Wednesday, September 14, 2011

Cleaning Up Your Fracking Act


Fracking may just be the word of the decade and the key to pushing back the boundary of Peak Oil.  Energy companies increasingly are drilling for natural gas using hydraulic fracturing, or fracking.  In this process, water mixed with sand and chemicals is pumped into a well under high pressure; the mixture fractures the rock, allowing the gas to escape.  Huge amounts of water are used - - below is an estimate from an article in this week's Wall Street Journal:
  • 80,000 gallons of water needed for drilling (typical in shale-gas formation such as Marcellus Shale).
  • 3.8 million gallons of water needed for hydraulic fracturing.
  • 1 million gallons fracking water that returns to the surface.
  • 200 trucks needed to transport one million gallons.
The current drought in Texas has provided a new focus on water and wastewater management associated with fracked water.  The Journal listed three players and approaches in the business of frack water treatment.
  • Ecosphere Technologies, Inc. - - Based in Stuart, Florida.  The Ecosphere process forces dirty water through pipes where ozone breaks down contaminates with the help of sound waves, electrically charged particles, and changes in pressure.  No waste is created in the process, because while the technology renders contaminates harmless it doesn't filter anything out.
  • WaterTechonics, Inc. - - Based in Everett, Washington.  The company uses a process called electric coagulation, in which an electric charge forces contaminant particles into clumps that can be removed after they either rise to the surface of the water or sink to the bottom.  The process avoids the use of chemicals, but it does produce waste that has be disposed of.

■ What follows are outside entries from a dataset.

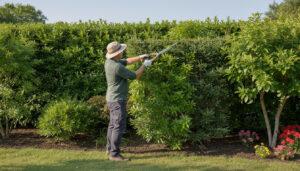 apprenez à entretenir vos arbres de haie pour un jardin impeccable grâce à nos conseils pratiques et faciles à suivre.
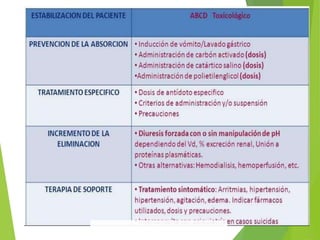 CLASE 2.pptxBNBBBBBBBBBBBBBBBBBBBBBBBBBBB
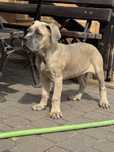 Cane Corso Piękna suczka już do odbioru
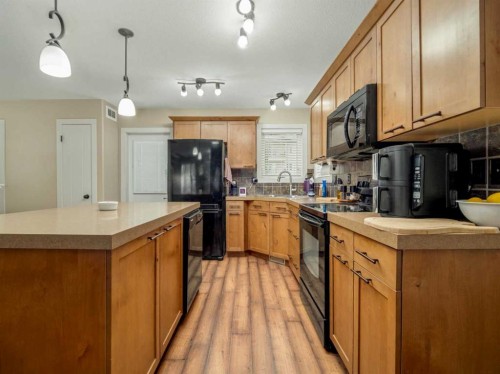 486 Mary Cameron Crescent North, Lethbridge, AB - Indoor Photo Showing Kitchen With Double Sink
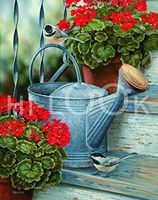 Hi-Look Microfiber Cleaning Cloth - Touch of Scarlet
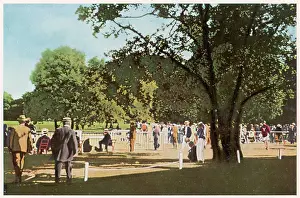 Metre: OLYMPICS/PARIS 1900 BOIS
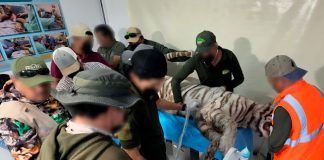 Confirmado: Muere Kenzo tras operativo de rescate; Profepa clausura predio en Tepetlaoxtoc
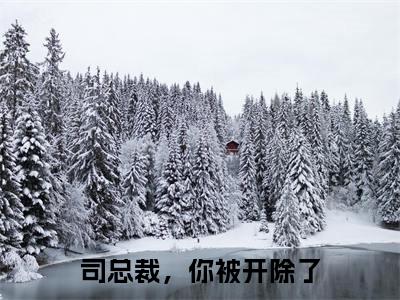 （司总裁，你被开除了）司星熠楚千瓷全文免费阅读无弹窗完整版_司星熠楚千瓷小说全文免费阅读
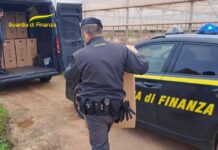 GdF Monopoli, scoperta vendita illecita di cannabis: sequestrati 610Kg di marijuana. Indagati 2 coltivatori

  • Altela Inc. - - Based in Albuquerque, New Mexico.  Wastewater is heated to the point of evaporation, which produces clean water in the form of vapor, leaving contaminate particles behind.  The vapor is then condensed back into liquid form.  This is nothing new - - except Altela has made it more efficient by capturing the heat generated by condensation and using it for evaporation.  The end result - - it uses a third of the energy typically required for conventional thermal distillation.